The basic invitation to the Art of Hosting community of practice
Depending on who you ask, the Art of Hosting as a community of practice has been around since about 1999. Since that time, it has evolved and morphed and changed and developed. It does so based on the inquiries that come from practice and that are captured in the workshops that are delivered by various people all over the world. It is a community and a movement of learning that I have never quite seen the likes of, although I am sure that there are others. It focuses on dialogue, participatory leadership and making tools for these things accessible to everyone, while at the same time disrupting the field of facilitation with strange terms and language and ideas that are drawn from everything from organizational development, to sociology, psychology, anthropology, complexity theory and a variety of spiritual paths and experiences.
It’s is really hard to pin down, so I appreciate the efforts of the researchers out there who have been trying to understand the shape of this morphing mycellium of a community.
Elizabeth Hunt (@elizpercolab) is one of these researchers. Grounded in Frierian pedagogy, she has just submitted her Master’s thesis in which she explores the Art of Hosting pedagogy.
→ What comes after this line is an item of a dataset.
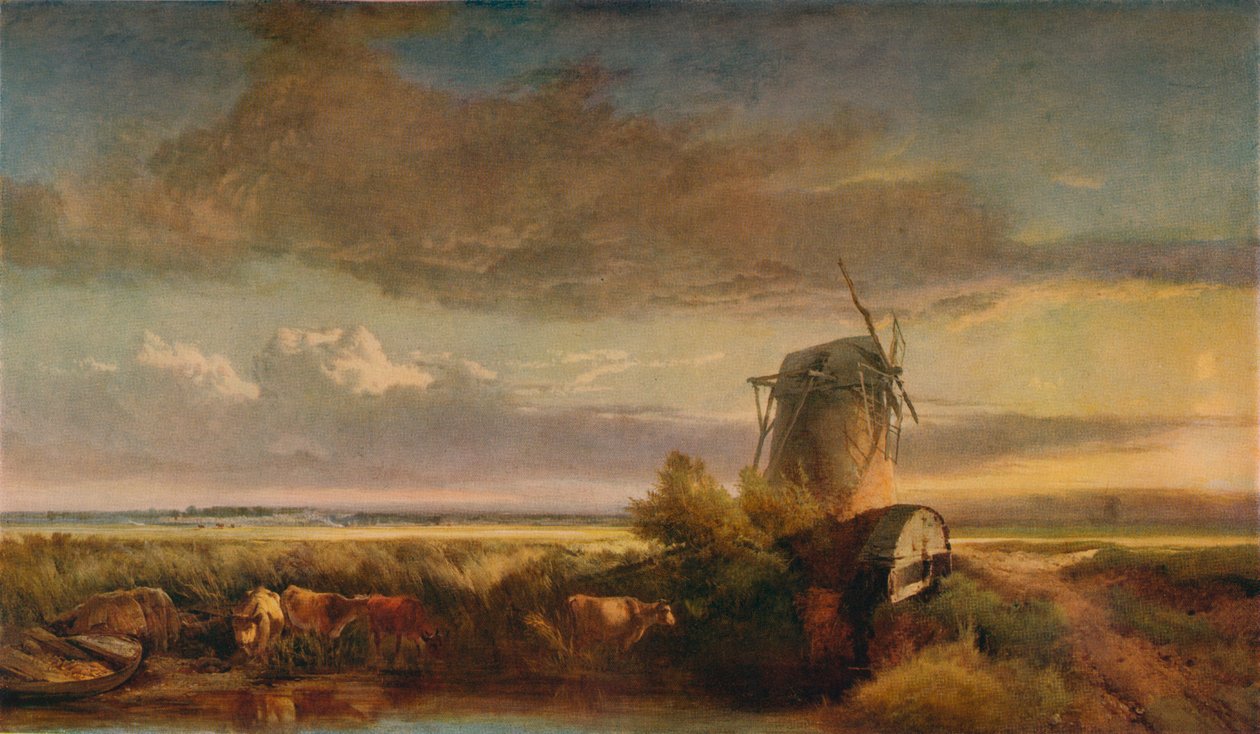 Mills on the Fens, c1853 od Henry Bright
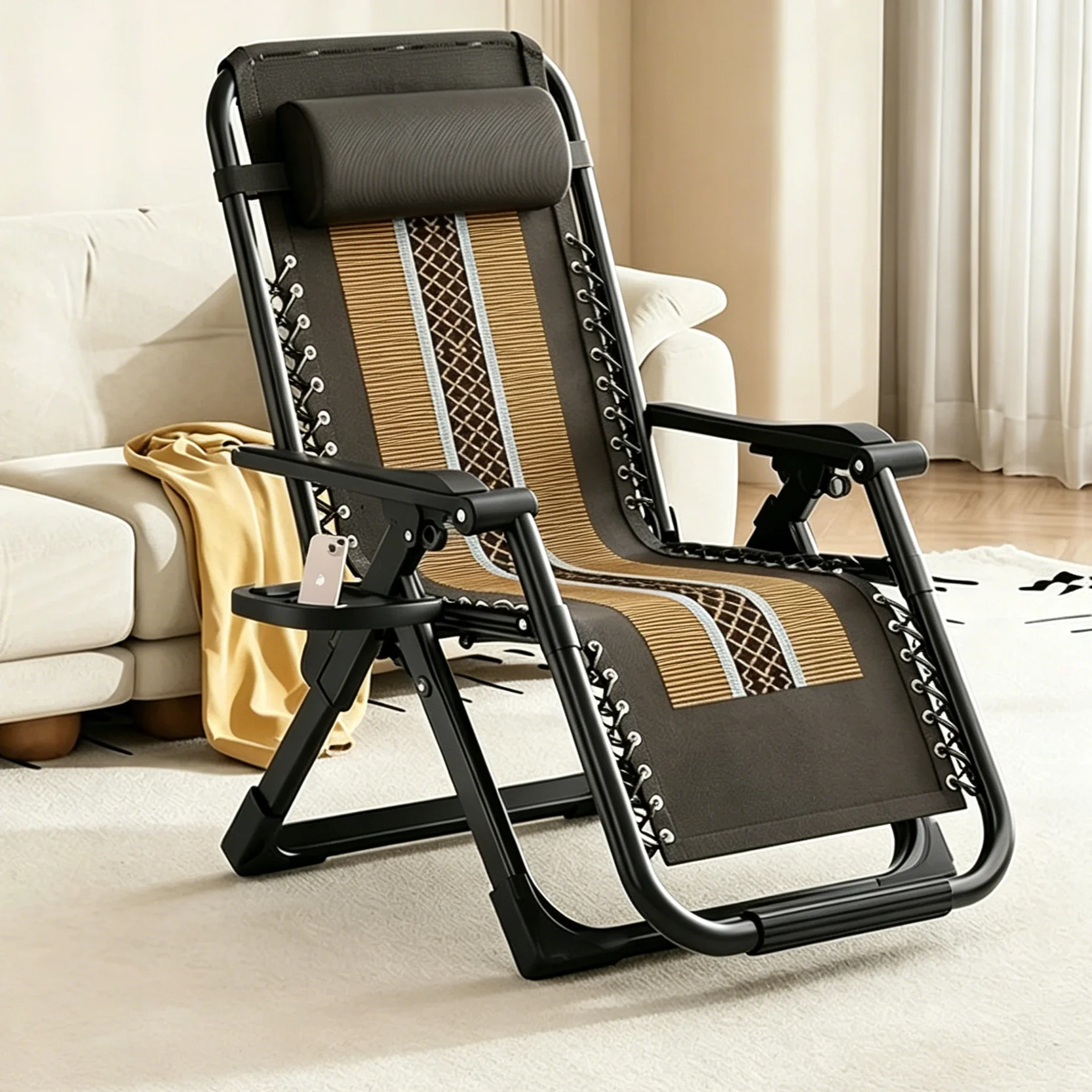 

Portable Stainless Steel Recliner Thickened Footrest Moon Chair Multi-Position Adjustment Oxford Beach Outdoor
Her research was based in interviews, reading and through being a practitioner with percolab in Montreal, one of my favourite groups of professional colleagues in my network. (Full disclosure: I really love these guys!). In her thesis she identifies four assumptions that underlie the bigger invitation that the Art of Hosting embodies:
- We are living a crisis of immense complexity;
- Finding appropriate solutions requires us to shift our thinking;
- Dialogue enables us to access collective intelligence;
- We can identify and learn from recurring patterns in our work
The more I look at these assumptions, the more I recognize them in my work. I can reflect on how each of these live in me and my work. The crisis I feel drives the urgency of my work, but it’s probably a different version of the crisis than it is for you. The shifts in thinking for me reflect my own shifts in thinking. I try to embody the changes in mindset that I speak up for without becoming an evangelist and a fundamentalist. that’s a hard line to tread when I believe so strongly that complexity thinking and conscious action are critical for survival in this world at any scale.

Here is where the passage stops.